The Infineon IDK08G120C5XTMA1 is a silicon carbide Schottky diode from the CoolSiC™+ family, rated for 1200 V DC reverse and 22.8 A average rectified current. It comes in a PG-TO263-2-1 surface-mount package, which is the D²Pak outline with two leads and a tab for thermal dissipation. The 1200 V blocking voltage puts this part in the high-voltage SiC tier used in power-factor correction (PFC) stages, solar inverters, and EV charging — applications where silicon diodes hit reverse-recovery losses hard. The Schottky structure means zero reverse-recovery charge, so the switching loss is dominated by the junction capacitance, not stored minority carriers.
Forward drop and leakage — the thermal budget drivers
Forward voltage is specified at 1.95 V maximum at 8 A — that is the conduction loss per amp at that current. At full rated current the Vf will be higher, so the designer should model the I²R loss at the operating point, not the 8 A test condition. Reverse leakage is 40 µA at 1200 V junction temperature. SiC Schottky leakage rises with temperature but stays orders of magnitude below a comparable silicon ultrafast diode, which matters for standby power in always-on supplies. Junction temperature range extends to 175°C — that is the full SiC capability.
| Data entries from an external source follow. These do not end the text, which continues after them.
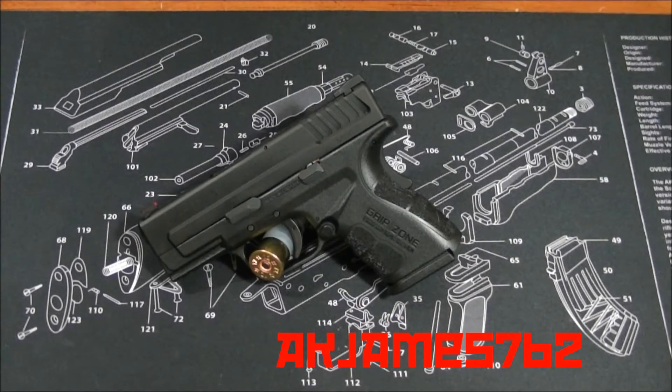Hey guys, AKJames762 here. What you have in front of you is a Springfield XD45 — this is the Mod 2 subcompact. I'm calling this a complete review because this is not just initial impressions. I actually did have a chance to fire this gun — not this particular one, but I fired a brand new, unfired one at the range when I went with my wife a couple weekends ago. I really liked it.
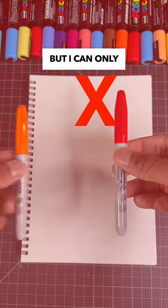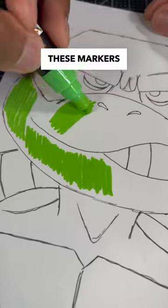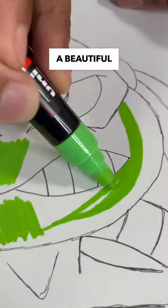Drawing Raph from the Ninja Turtles, but I can only use Posca paint markers. Now that we know the rules for this challenge, let's see if these markers are good enough to turn this Ninja Turtle drawing into a beautiful painting.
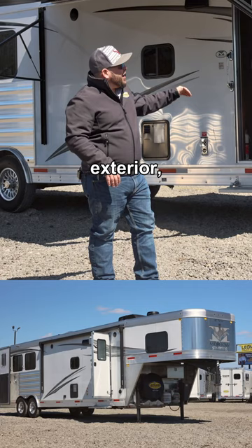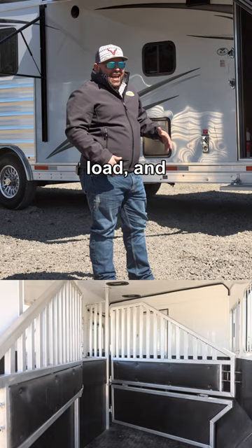This trailer is a 12 foot short wall living quarter with a 9 foot slide out. It's a 3 horse slant load, and the best part — it's 7'6" tall. So even if you have some bigger horses, you're going to fit well in this trailer.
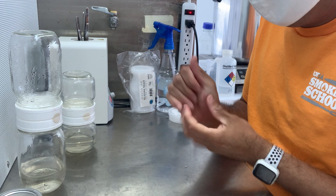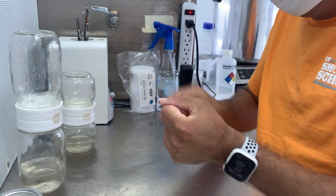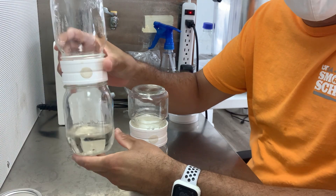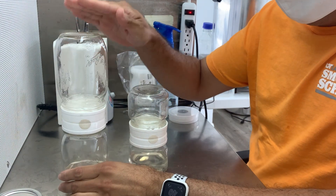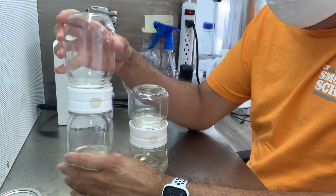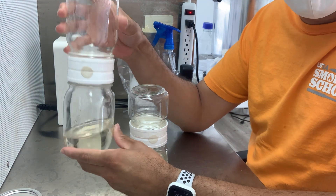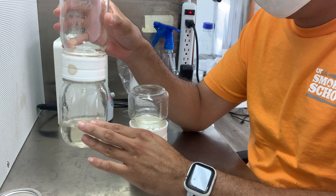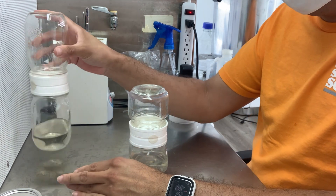Alright, the media is out. I have the pressure cooker here. I decided last moment to use the 16-ounce mason jars. I probably should have added more media, and I'll do that next time — for now I think it's okay. So let's pull the plants.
Package and mounting — TO-263-3 layout notes
The PG-TO263-2-1 package is a D²Pak with two leads and a tab — the tab is the cathode. The large copper pad on the PCB should connect to the cathode net with multiple thermal vias to the inner-layer copper plane. The junction-to-case thermal resistance is not listed here, but the tab area is the primary heat path. Capacitance is 365 pF at 1 V and 1 MHz — that is the output capacitance (Coss) that the upstream switch sees during hard switching. It charges and discharges each cycle, adding a frequency-dependent loss term that the designer should include in the switching-loss calculation.